I don’t know what it is about the sun coming out and signalling that Summer might actually be on it’s merry way that makes me crave egg salad. I’m weird like that.
Yup. Everyone else is digging around their closets for last year’s flip-flops and I’m in the kitchen waiting for water to boil.
For years I would have said that my favourite sandwich was bacon & tomato with Miracle Whip on untoasted white bread. A totally carry-forward from my childhood.
But now I realize that although my love for bacon is extreme and unparalleled, egg salad has taken over the top spot in sandwich deliciousness for me. And Miracle Whip isn’t even allowed in my fridge anymore. Gimme real mayo.

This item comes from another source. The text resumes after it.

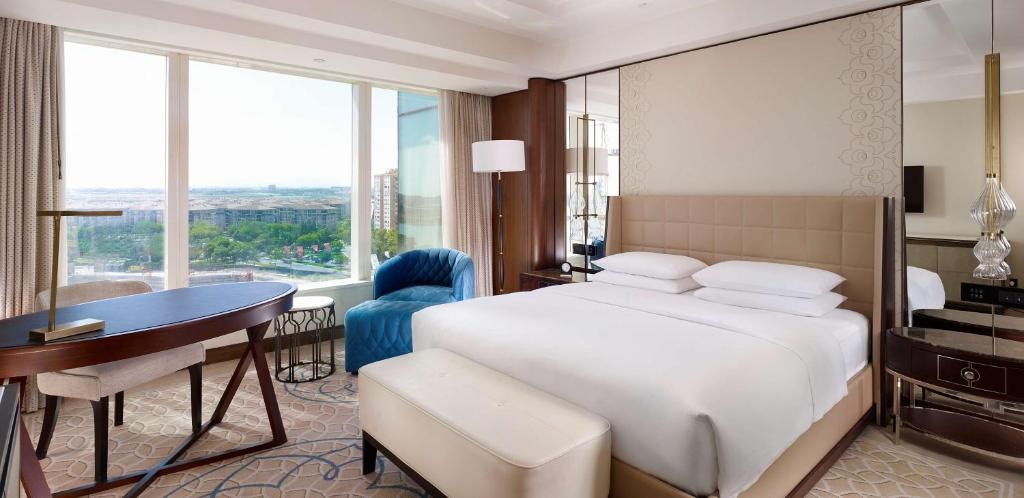 Una habitación de hotel con una cama y un escritorio y un escritorio. en Hyatt Regency Istanbul Atakoy, en Estambul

I keep it simple. (For two sandwiches…)
- 2 hard boiled eggs, chilled and chopped
- 1 green onion, chopped
- tiny squirt of Dijon mustard
- 1 tbsp olive oil mayo
- sprinkle of dill
- pinch of salt & pepper
I absolutely LOVE sunflower sprouts with my egg salad (truth be told, I would put sunflower sprouts on pretty much any sandwich). If I can’t get them, then regular sprouts would suffice….I suppose.
And there is something about a squishy fresh cheese roll from the supermarket bakery that just screams Summer to me too. I blame my Mom. :)
I’ve eaten these for lunch three times this week and I just may dive into the last few scoops of egg salad today. Gotta keep my strength up for enjoying long walks in the sun with the naked little pooper you know!
How do you make your egg salad? Pickles, carrots, celery?